## EXERCISE DIRECTIONS
Could the data below be printed out exactly, with the pictures left out?

## INPUT DATA
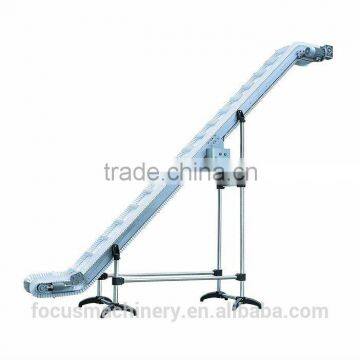 China Factory Vertical Flat Belt Conveyor Price in Packaging Line photo-6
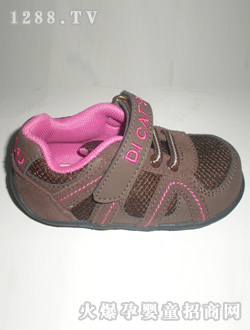 ��؈֮��(m��ng)��ɫ�׃�Ь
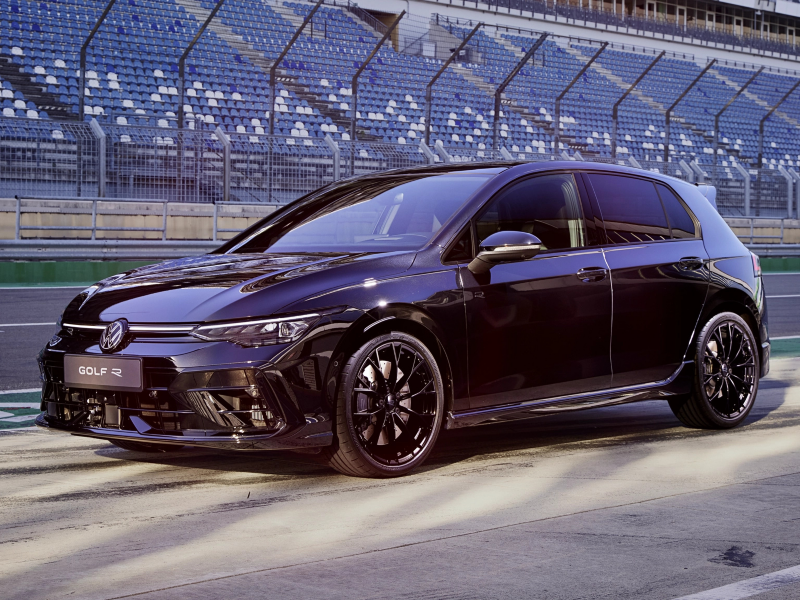 Volkswagen Golf R in zwart op een racecircuit
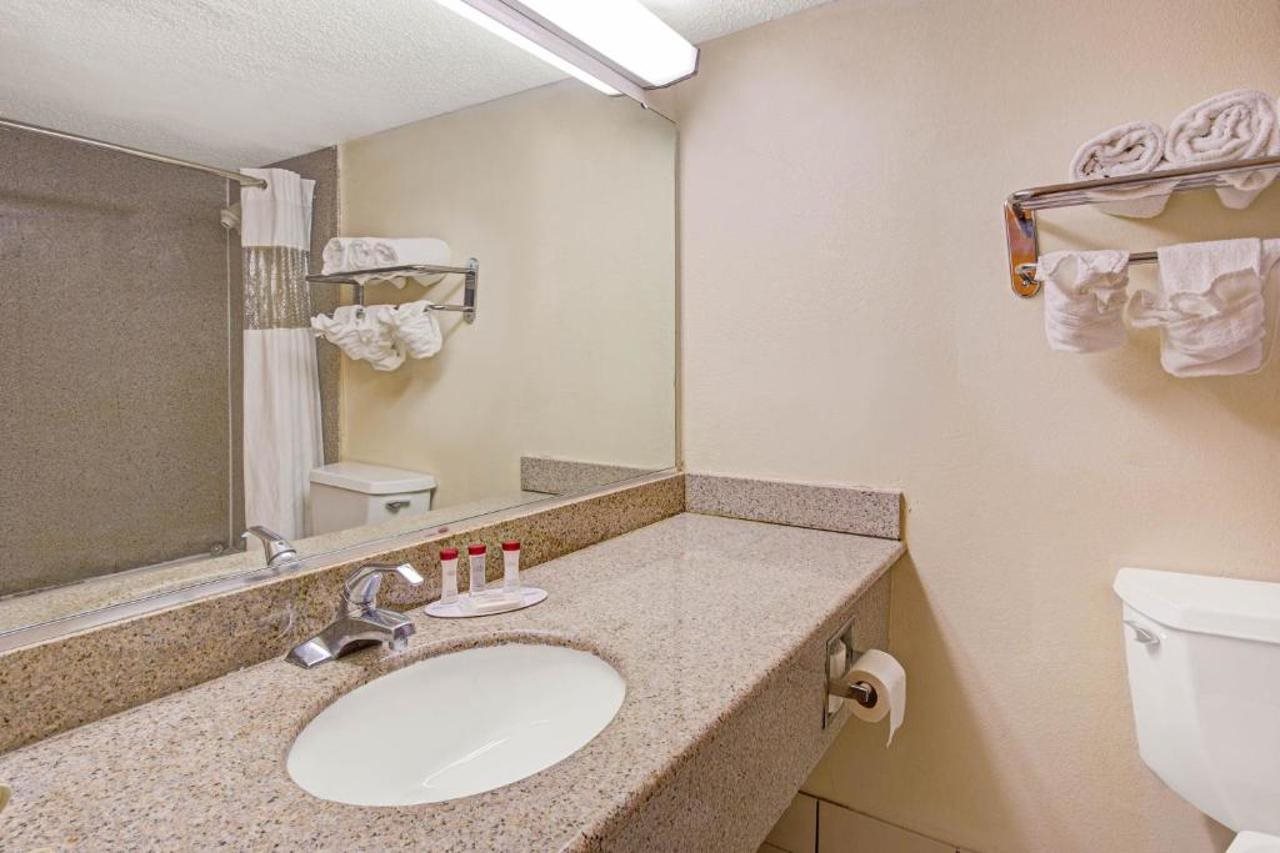 Motel 6 Rock Hill SC - photo 11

## EXERCISE SOLUTION
 China Factory Vertical Flat Belt Conveyor Price in Packaging Line photo-6
 ��؈֮��(m��ng)��ɫ�׃�Ь
 Volkswagen Golf R in zwart op een racecircuit
 Motel 6 Rock Hill SC - photo 11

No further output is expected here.